Task to carry out:
An exact copy is required of every line from the one with "CHANEL Patent Calfskin" through the end of the data below, and the pictures must stay out of it.

(Short descriptive text snippets)
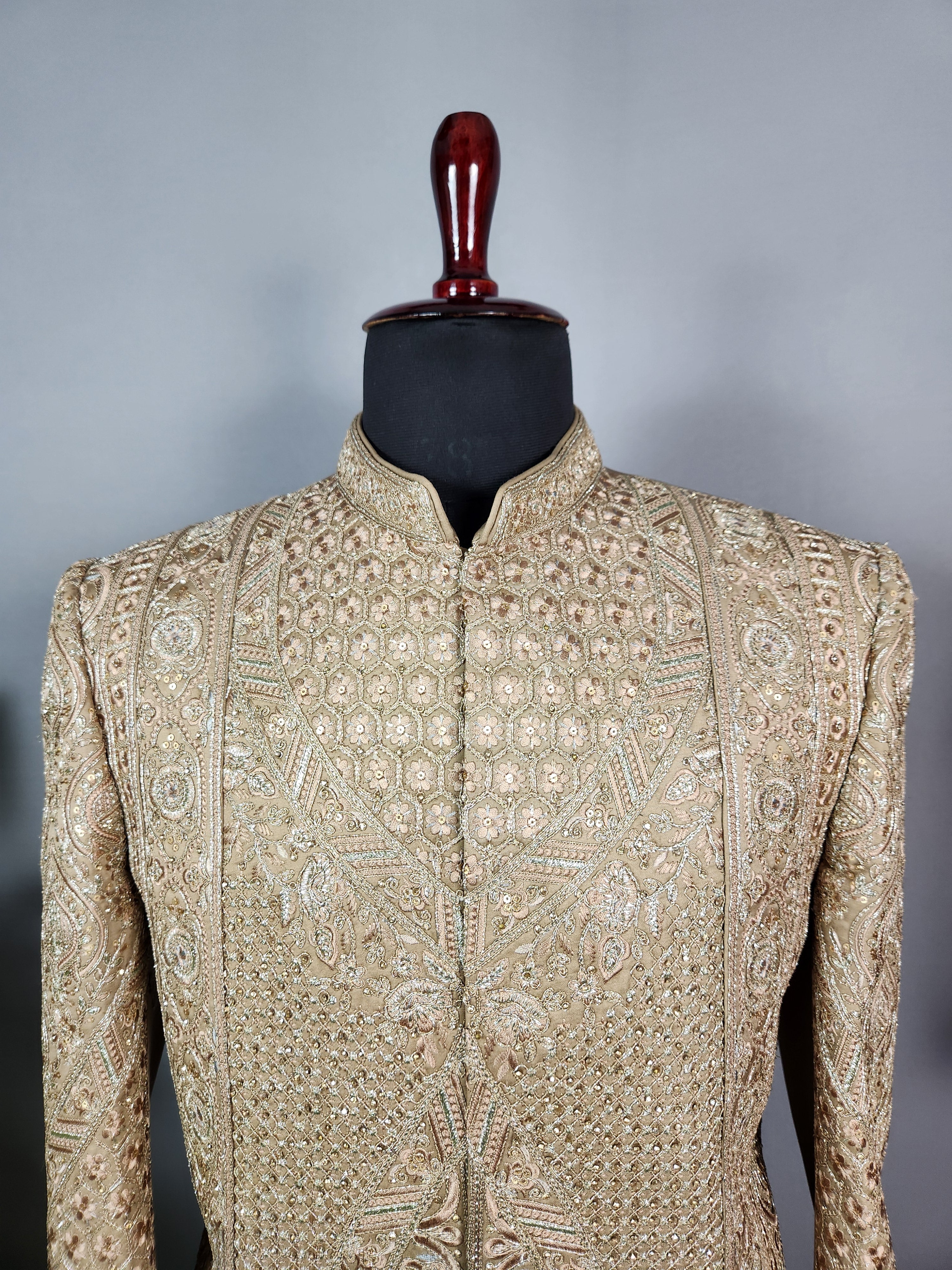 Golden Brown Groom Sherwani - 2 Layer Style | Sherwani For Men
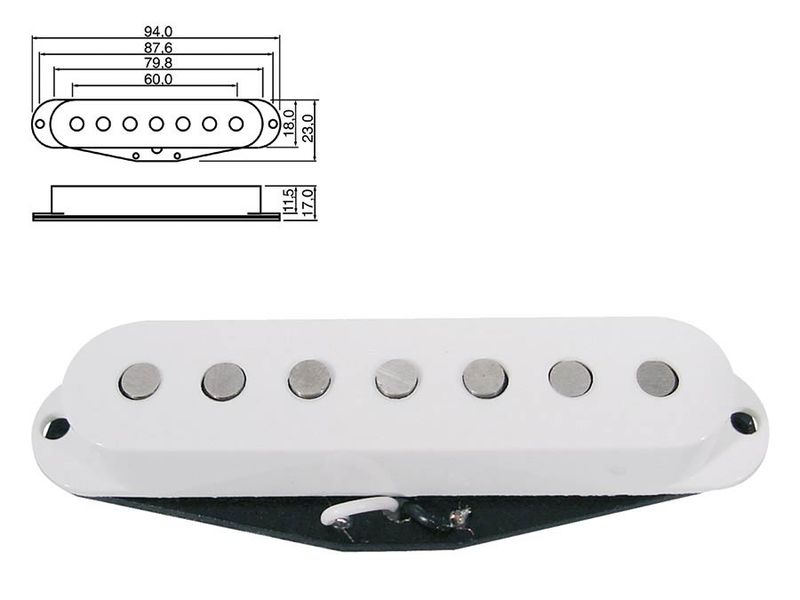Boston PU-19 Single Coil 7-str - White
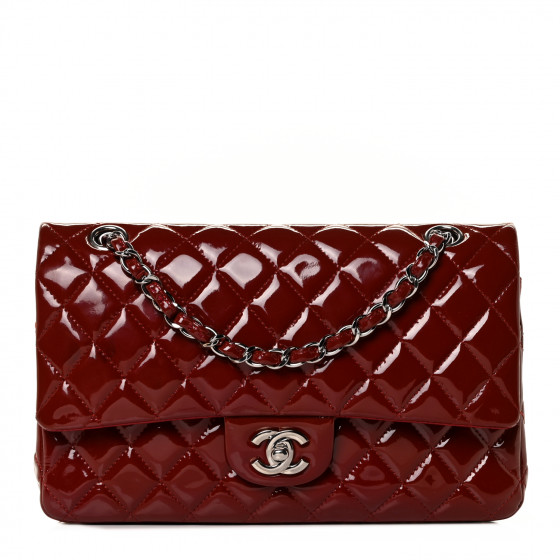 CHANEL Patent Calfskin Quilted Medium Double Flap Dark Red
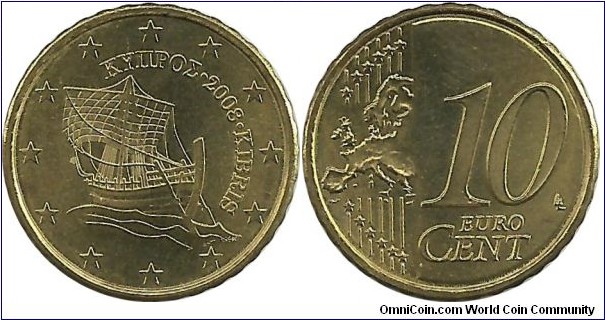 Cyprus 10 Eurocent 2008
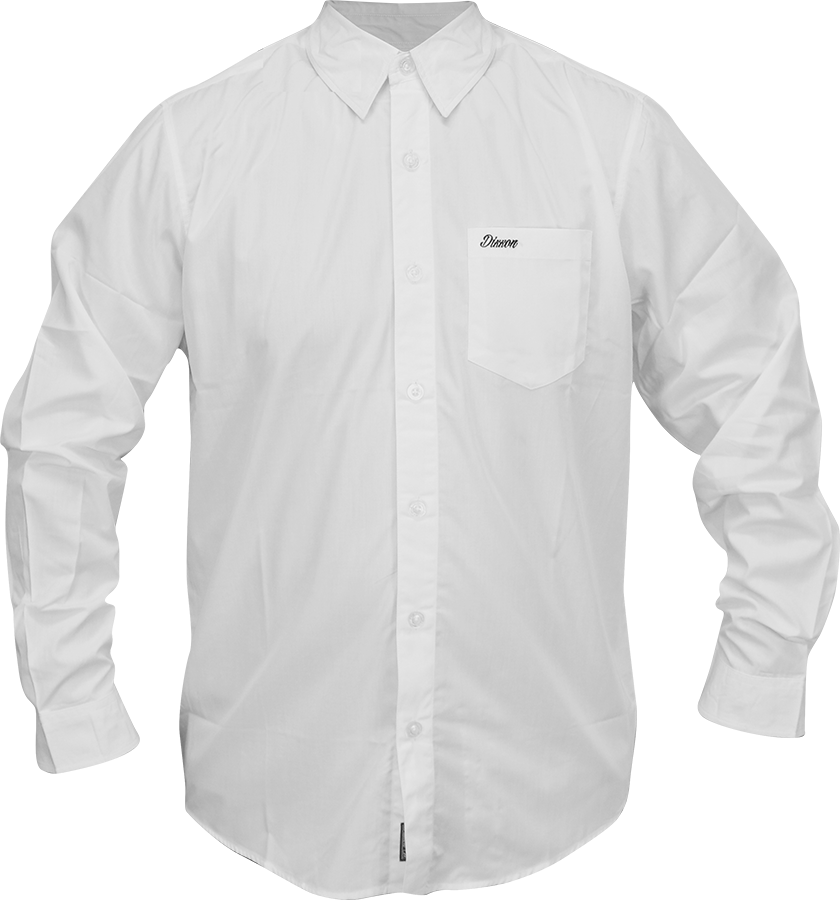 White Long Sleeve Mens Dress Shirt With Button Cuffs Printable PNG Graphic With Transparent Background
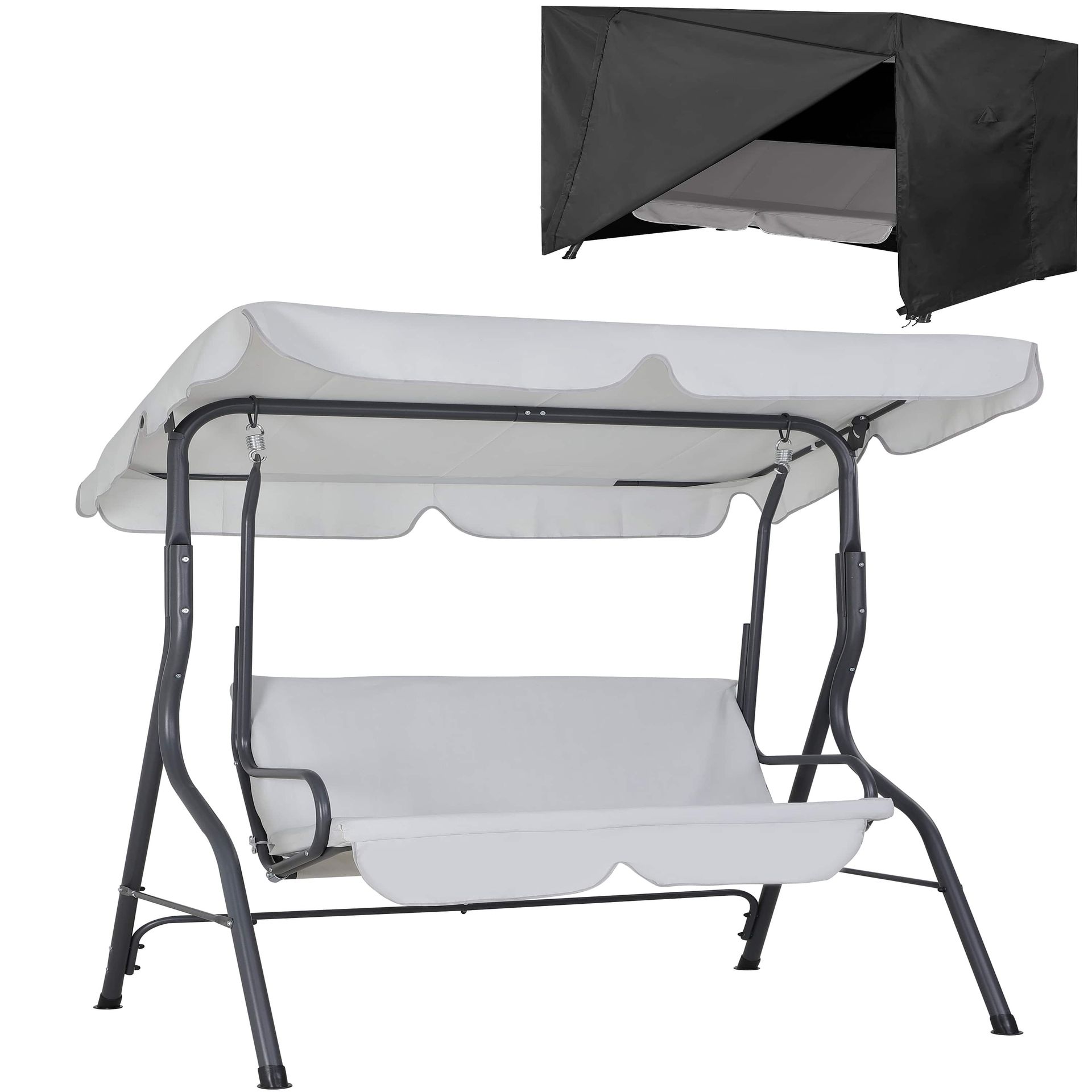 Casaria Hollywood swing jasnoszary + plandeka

Response to this task:
 CHANEL Patent Calfskin Quilted Medium Double Flap Dark Red
 Cyprus 10 Eurocent 2008
 White Long Sleeve Mens Dress Shirt With Button Cuffs Printable PNG Graphic With Transparent Background
 Casaria Hollywood swing jasnoszary + plandeka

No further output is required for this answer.